Cooking fresh pasta can seem intimidating at first, but we’re here to help ease the process. Here are some pointers from the pros:

Use a large pot

You may not give much thought to the size of your pasta pot, but it’s an important factor! The pasta should be swimming in a “sea” of water, because it will expand during the cooking process. If not enough is used, you’ll run the risk of the pasta getting mushy and sticky.

Kneading is key

Once your dough is mixed, it’s time to knead it up! The dough should be kneaded for about 10 minutes in order to ensure the smoothest texture.

…But don’t let it dry

Once your dough is kneaded smooth, separate it into a few small balls. Be sure to work quickly – dry dough is much more difficult to work into the machine.

Rinsing is a no-no

If you rinse your pasta after cooking, you will also rinse off the starch. The starch helps the sauce cling to the pasta, so it’s critical that it stays put!
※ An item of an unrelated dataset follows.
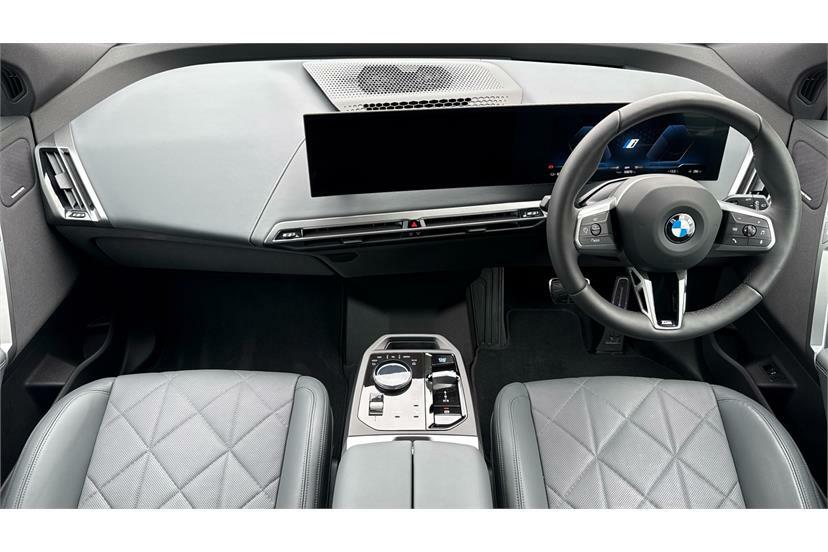 BMW iX 300Kw Xdrive45 M Sport 101Kwh Black #4
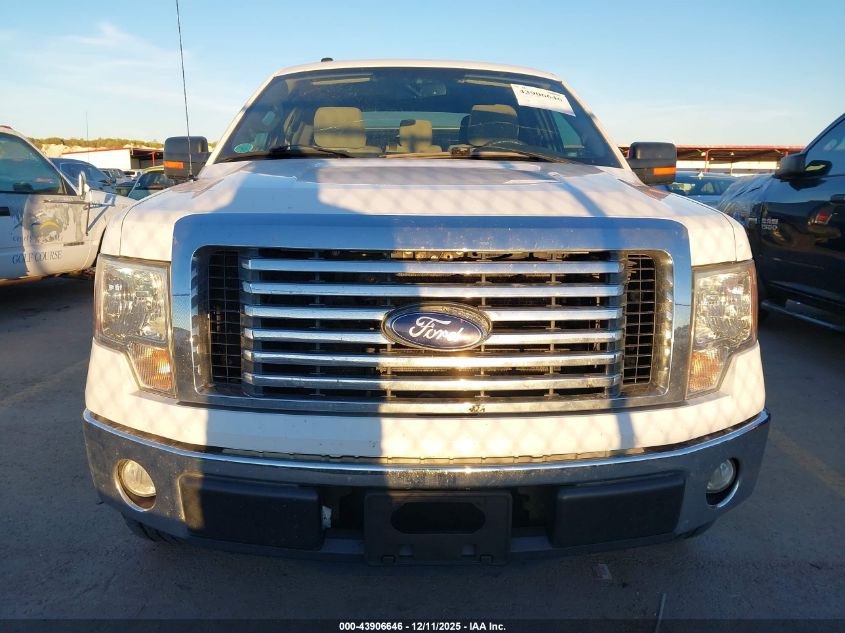 2012 Ford F-150 Xlt VIN: 1FTFX1CF0CFB80416 Lot: 43906646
Remember the ingredient ratio

Here’s a general rule: The best ratio is three parts flour to two parts eggs by weight. This can vary depending on outside factors and your specific recipe, but this basic ratio is a good one to trust.

Make it a team effort!

The pasta-making process can go a lot quicker if you rally some assistance! Try recruiting a family member to roll the dough – as it typically takes two to roll the pasta through the machine. It’s helpful to have one person holding the top of the dough sheet, and another to grab it as it comes out.